Built for television, this statue now serves as an unlikely memorial to a fireman who died on 9/11. 


Does this 12-foot-tall fisherman statue in Eastport, Maine seem almost cartoonishly on-the-nose? Well, that’s because it was originally a prop for a reality television show.

The 2001 Fox show, called Murder in Small Town X, was shot in Eastport and, judging by its description, was akin to taking one of those dinner theater murder mysteries that involves the audience and televising it for consumption by third parties far away from the theater, months after the performance took place. Contestants investigated a series of murders in the town of “Sunrise” by collecting clues from actor-townspeople, conducting missions, and ritually opening lots of envelopes. The backstory was all about Prohibition-era liquor smuggling and something called “The Order of the Scarlet Lupine.” It was basically for people who thought Murder, She Wrote could use some clunky, tacked-on game mechanics. In other words, it didn’t last past the first season.

What did last, however, is the magnificent fiberglass fisherman statue that was made to bring “Sunrise” to life. Even though the statue was actually cut from the show’s budget, sculptor Jeff Poss decided to go ahead and make it anyway — and it’s a good thing he did, because it has gone on to become an Eastport favorite. It’s a wonderful place to take pictures with the statue and locals appreciate the statue’s mix of goofiness, symbolism, local history, and tourist appeal.
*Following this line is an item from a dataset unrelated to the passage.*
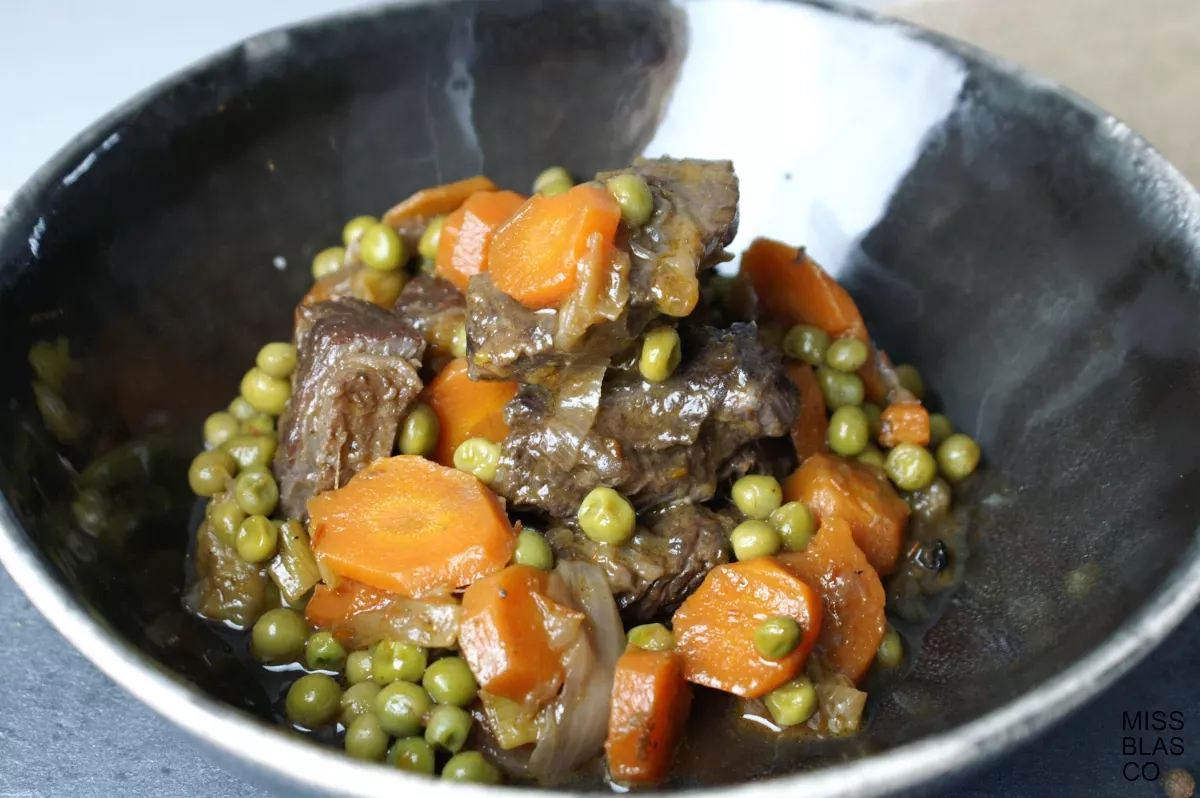beef stew with vegetables in a black bowl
In 2004, a committee of citizens formed to restore and preserve the statue, as it had simply been left behind, unmaintained, to weather and deteriorate after production wrapped in 2001. At the same time, they also installed a plaque to commemorate Ángel Juarbe, Jr., the winner of Murder in Small Town X and a Bronx firefighter who was killed in World Trade Center collapse on September 11, one week after the series finale. Thus, the statue also continues to stand as a memorial to Mr. Juarbe.